Johnson: MIGS is an integral part of the treatment repertoire that I offer to my patients. I feel that the majority of patients who have glaucoma and a visually significant cataract would benefit from a MIGS procedure at the time of surgery, either to help better control the IOP or to reduce the eyedrop burden. For patients with primary open-angle glaucoma (POAG), I tend to offer Hydrus (with or without canaloplasty) and for patients with primary angle-closure glaucoma (PACG), I typically offer canaloplasty with limited or 360-degree goniotomy.

I find that patients with progressing glaucoma also appreciate the option of a less invasive alternative to filtering surgery, though I typically recommend it when the target IOP is not below 15 since most MIGS have a difficult time achieving this level of absolute IOP reduction. A growing body of literature demonstrating the impact of MIGS on disease progression gives me confidence in these recommendations. For instance, we recently demonstrated that cataract surgery with Hydrus implantation reduces the rate of visual field loss in patients with POAG compared with their preoperative rate of progression.¹

Seibold: The easiest way to integrate MIGS into your practice is at the time of cataract surgery for any glaucoma or ocular hypertension (OHTN) patient in need of lower IOP, less medication dependence, or both. The shortcomings or topical glaucoma therapy are well known, so to be able to offer patients an avenue to reduce or eliminate their need for drops can be a huge patient satisfier. The need for cataract surgery presents a very low entry bar to integrate MIGS since you are already headed to the operating room. 

Vinod: Given its improved safety profile when compared with traditional glaucoma surgery (ie, trabs and tubes), MIGS allows us to intervene surgically much earlier in the disease course. I consider most patients with coexisting visually significant cataracts and mild-to-moderate open-angle glaucoma whose IOP goals are in the mid-to-high teens to be candidates for angle-based MIGS. When used as part of a combined procedure, trabecular MIGS offers the potential not only to provide additional IOP lowering beyond that produced by phacoemulsification cataract surgery alone, but also to reduce medication burden. This latter benefit is particularly important for patients with ocular surface disease (often resulting from chronic exposure to topical glaucoma medications and their preservatives) or suboptimal medication adherence. For patients with clear native lenses or those who are already pseudophakic, standalone MIGS is a valuable option to improve IOP control beyond what medications can achieve without the risks of traditional surgery. 

What challenges exist in early detection of normal-tension glaucoma?

Johnson: Diagnosing glaucoma in patients who have an IOP within the population normative range requires that clinicians have their antennae up to other important risk factors, like a suspicious looking optic disc or strong family history, to prompt a proper clinical assessment. Frequently, OCT is more informative than visual field testing for early detection, since most patients will manifest retinal nerve fiber layer defects or thinning, or macular ganglion cell complex thinning, prior to overt perimetric defects.
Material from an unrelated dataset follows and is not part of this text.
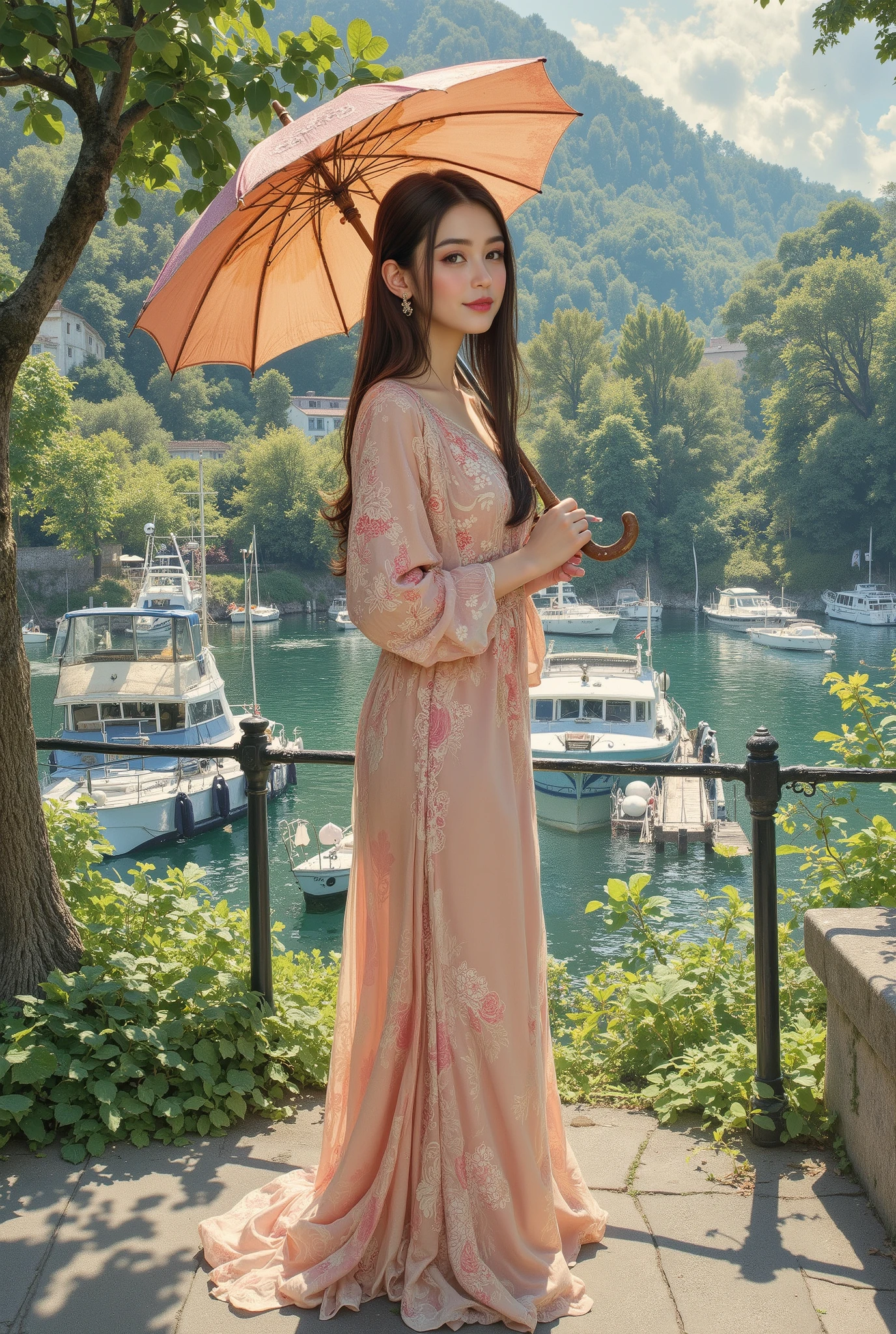 (best quality, 4k, highres, masterpiece:1.2) , ultra-detailed, (realistic, photorealistic:1.37), A photorealistic portrait of an elegant young woman standing, She is having a Sun Umbrella for Women, Claude Monet Scenery Excellent Quality、4K resolution、super definition、Realistic、PROFESSIONAL、Dynamic Range HDR、vibrant colors、bokeh、Impressionist style、oil、beautiful light、elegant atmosphere、Natural elements、In the sunshine、marine scenery、delicate texture、Elegant posture, 19rth century, she is taking a walk, hyper detailed moist skinn texture,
The challenge lies in determining whether borderline defects on structural imaging are indicative of real disease, which typically involves following a patient over time and looking for progression. This is especially true in patients with myopia, who frequently demonstrate “red disease.” An important limitation of this approach, however, is that the patient and clinician are waiting for irreversible optic nerve damage to occur in order to confirm that the patient has glaucoma. For those with pre-perimetric disease, this may not have much impact on their visual function or quality of life, but novel methods to establish a confident diagnosis of glaucoma without having to wait for manifest disease progression would be a major advance for the field.
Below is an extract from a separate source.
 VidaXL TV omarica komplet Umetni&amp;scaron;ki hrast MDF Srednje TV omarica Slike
Seibold: The challenges of early detection of normal tension glaucoma (NTG) center around the subtle nature of signs and symptoms with this disease. Optic nerve cupping in NTG can be more focal on exam and easily missed. Similarly, disc hemorrhages, which are more common in NTG, can be easily mistaken for blood vessels on exam. Retinal nerve fiber layer (RNFL) thinning on OCT can be so focal, the global and quadrant analyses may fail to detect an abnormality. Visual field deficits in NTG often occur more focally and in a paracentral location where they may be missed with 30-2 or 24-2 strategies or falsely assumed to be from macular pathologies. Elevated IOP is one of the most common risk factors identified and the absence of this may lull clinicians into a false sense of security on the possibility of glaucoma during routine exams.
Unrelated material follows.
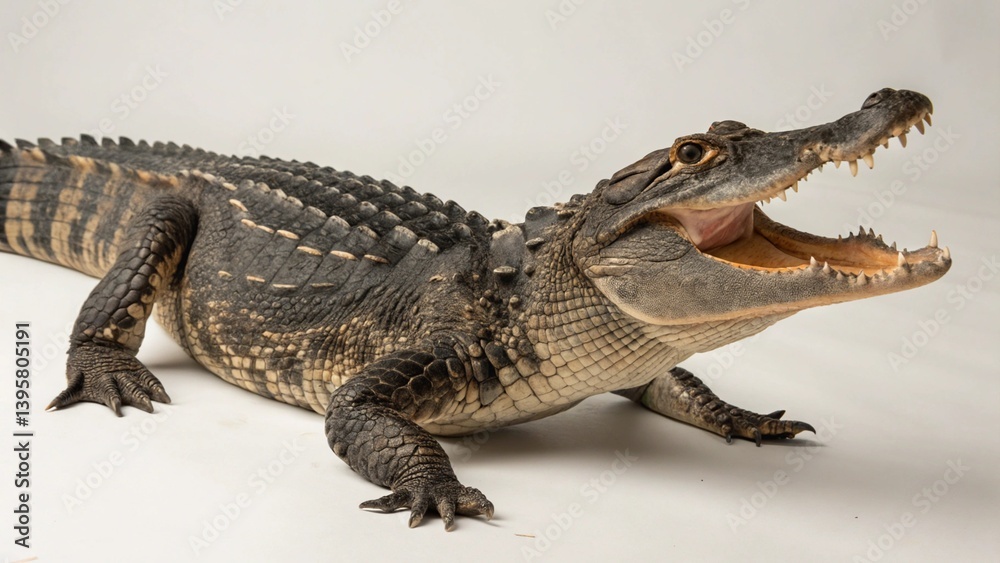 Naklejka premium American Alligator on studio background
Vinod: A high degree of vigilance is required to detect NTG early in the disease course to avoid a delayed diagnosis. In the setting of IOP measurements in the “normal” range, subtle abnormalities in the OCT RNFL suggestive of early glaucoma can easily be overlooked, especially during busy clinic sessions. We call this “green disease” when, for example, a wedge defect is present on the RNFL thickness and deviation maps on an OCT RNFL but is not flagged by color-coding as being abnormal on the average RNFL thickness and/or sectoral analysis. In the same vein, a subtle paracentral defect observed on standard Humphrey visual field (HVF) 24-2 testing may erroneously be interpreted as a “nonspecific” finding during a cursory review, when in reality a follow-up HVF 10-2 might reveal a more marked defect consistent with NTG. High myopes in particular present unique diagnostic challenges in identifying early NTG. While their optic nerves may be especially vulnerable to the effects of IOP within the “normal” range due to decreased scleral rigidity and poor structural support for retinal nerve fibers, myopia itself can introduce artifact in the OCT RNFL and cause nonprogressive visual field defects unrelated to glaucoma. Consideration of corneal biomechanics is also important when assessing a normal-tension glaucoma suspect, as IOP readings may appear deceivingly “normal” in the setting of a thinner central corneal thickness or low corneal hysteresis.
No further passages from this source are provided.